La mort de George Floyd déclenche une vague d’indignation dans les sphères politiques, culturelles et sportives américaines. La presse évoque une violence injustifiée, insupportable et scandaleuse. Le président Donald Trump et son prédécesseur Barack Obama expriment tous deux leur tristesse et leurs condoléances à la famille Floyd.
Le maire de Minneapolis Jacob Frey déclare qu’être noir aux États-Unis ne devrait pas être une condamnation à mort. L’avocat de la famille estime que, s’il n’y avait pas eu de vidéos, les agents de police auraient donné une fausse version des faits et planqué ça sous le tapis. Il accuse également la police de racisme et de pratiquer le profilage racial. La famille demande que les quatre policiers impliqués soient inculpés pour meurtre.
Le nom de Georges Floyd s’ajoute à la longue liste des Noirs américains symboles du racisme et de la violence policière. Dès le lendemain de la mort de George Floyd, plusieurs milliers de personnes se rassemblent à Minneapolis, demandant que la police cesse de tuer des Noirs et réclamant justice. Ils scandent : "I can’t breathe” (je ne peux pas respirer).
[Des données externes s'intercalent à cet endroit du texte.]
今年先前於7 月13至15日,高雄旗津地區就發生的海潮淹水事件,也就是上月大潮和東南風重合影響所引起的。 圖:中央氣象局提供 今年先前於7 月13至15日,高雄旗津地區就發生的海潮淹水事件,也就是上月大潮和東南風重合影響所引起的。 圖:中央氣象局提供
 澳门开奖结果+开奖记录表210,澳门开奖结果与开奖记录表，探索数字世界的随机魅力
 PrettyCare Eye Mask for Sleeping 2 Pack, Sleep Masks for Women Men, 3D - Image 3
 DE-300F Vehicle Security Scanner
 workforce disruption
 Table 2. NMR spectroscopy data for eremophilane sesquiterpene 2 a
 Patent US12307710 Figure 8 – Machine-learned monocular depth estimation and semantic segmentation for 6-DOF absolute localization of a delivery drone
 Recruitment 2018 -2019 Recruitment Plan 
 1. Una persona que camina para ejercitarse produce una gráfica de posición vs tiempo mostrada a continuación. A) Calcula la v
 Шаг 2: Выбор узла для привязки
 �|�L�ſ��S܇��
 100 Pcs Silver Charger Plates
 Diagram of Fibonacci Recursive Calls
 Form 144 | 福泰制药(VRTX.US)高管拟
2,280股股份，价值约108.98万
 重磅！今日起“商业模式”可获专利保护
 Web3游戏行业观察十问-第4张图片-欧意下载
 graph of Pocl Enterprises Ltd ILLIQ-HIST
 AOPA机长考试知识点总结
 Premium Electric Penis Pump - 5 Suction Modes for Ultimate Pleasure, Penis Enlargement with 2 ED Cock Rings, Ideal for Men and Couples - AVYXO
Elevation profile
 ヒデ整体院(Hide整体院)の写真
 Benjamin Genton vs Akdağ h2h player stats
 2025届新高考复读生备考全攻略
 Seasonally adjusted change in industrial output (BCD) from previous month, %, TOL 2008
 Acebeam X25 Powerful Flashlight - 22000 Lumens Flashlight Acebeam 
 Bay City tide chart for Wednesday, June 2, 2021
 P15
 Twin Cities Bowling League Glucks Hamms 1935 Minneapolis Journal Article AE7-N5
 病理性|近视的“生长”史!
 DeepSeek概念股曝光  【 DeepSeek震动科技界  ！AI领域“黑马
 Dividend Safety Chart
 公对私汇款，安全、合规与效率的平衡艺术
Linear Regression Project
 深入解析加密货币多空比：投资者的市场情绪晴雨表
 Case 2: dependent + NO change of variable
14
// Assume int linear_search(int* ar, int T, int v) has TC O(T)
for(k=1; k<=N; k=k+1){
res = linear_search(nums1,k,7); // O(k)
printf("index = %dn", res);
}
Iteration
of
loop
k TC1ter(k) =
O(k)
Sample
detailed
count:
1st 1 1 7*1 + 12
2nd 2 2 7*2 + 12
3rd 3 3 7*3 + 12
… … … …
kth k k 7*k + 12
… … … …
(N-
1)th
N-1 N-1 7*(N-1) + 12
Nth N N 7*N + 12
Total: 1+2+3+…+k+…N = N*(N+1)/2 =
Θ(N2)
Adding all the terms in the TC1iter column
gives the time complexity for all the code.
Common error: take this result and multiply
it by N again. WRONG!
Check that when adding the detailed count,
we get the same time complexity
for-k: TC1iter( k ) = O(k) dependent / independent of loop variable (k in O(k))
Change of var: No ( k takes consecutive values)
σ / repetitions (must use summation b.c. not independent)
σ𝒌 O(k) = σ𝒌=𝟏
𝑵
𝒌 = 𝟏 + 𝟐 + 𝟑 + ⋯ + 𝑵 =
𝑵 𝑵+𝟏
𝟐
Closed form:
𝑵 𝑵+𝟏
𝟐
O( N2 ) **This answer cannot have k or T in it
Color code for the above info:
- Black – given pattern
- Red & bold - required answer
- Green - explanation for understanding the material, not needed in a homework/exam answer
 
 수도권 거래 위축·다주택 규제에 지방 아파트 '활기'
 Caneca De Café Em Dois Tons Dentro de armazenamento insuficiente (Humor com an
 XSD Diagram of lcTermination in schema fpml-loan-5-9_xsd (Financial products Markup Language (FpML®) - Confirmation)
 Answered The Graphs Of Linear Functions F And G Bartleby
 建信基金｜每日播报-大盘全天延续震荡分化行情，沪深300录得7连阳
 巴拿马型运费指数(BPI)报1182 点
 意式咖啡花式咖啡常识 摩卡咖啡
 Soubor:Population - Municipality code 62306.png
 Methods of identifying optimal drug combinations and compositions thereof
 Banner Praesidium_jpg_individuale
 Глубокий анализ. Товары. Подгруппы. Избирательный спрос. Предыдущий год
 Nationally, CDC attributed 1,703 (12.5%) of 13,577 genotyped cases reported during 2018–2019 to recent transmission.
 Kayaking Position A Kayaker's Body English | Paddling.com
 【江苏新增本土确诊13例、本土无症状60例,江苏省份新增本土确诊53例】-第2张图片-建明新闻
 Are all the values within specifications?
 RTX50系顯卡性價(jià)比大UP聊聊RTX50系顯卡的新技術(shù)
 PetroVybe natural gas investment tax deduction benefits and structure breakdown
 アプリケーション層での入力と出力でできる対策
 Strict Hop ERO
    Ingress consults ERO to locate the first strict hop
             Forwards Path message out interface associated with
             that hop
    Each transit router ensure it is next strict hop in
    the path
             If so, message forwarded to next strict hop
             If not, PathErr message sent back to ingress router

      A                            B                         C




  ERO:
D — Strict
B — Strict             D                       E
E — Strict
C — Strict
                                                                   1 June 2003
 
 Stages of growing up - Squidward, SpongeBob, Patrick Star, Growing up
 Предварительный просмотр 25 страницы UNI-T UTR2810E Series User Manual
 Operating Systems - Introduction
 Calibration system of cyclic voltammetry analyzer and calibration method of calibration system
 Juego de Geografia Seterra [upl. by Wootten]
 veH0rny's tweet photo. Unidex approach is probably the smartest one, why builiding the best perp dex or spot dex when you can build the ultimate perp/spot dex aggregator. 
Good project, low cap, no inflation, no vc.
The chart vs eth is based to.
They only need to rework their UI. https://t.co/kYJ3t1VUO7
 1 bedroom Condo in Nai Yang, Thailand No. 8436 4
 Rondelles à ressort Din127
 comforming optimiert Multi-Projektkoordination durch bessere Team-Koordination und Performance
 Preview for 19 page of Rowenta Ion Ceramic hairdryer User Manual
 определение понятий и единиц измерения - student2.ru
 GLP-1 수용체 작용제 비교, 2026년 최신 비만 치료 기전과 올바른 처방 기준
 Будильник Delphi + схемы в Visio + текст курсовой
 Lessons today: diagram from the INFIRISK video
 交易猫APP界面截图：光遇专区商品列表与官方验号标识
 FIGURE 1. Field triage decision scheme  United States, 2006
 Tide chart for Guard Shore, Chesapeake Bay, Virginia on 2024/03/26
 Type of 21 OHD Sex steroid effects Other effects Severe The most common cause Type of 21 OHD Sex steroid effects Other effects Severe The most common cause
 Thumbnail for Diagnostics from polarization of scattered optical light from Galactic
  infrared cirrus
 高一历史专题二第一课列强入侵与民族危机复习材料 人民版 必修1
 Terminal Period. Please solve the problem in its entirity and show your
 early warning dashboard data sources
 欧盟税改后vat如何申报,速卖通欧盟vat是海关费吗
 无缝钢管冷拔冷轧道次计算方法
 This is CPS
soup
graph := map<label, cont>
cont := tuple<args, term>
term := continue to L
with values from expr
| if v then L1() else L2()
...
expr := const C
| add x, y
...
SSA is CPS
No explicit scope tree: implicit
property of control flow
Donald Trump contribue à faire monter la pression, en publiant dans des tweets que si des pillages commencent, on commencera à tirer. Cette expression, When the looting starts, the shooting starts, a une résonance particulière aux USA. elle est connue pour avoir été employée par le chef de la police de Miami lors des violences raciales survenues en Floride à la fin des années 1960.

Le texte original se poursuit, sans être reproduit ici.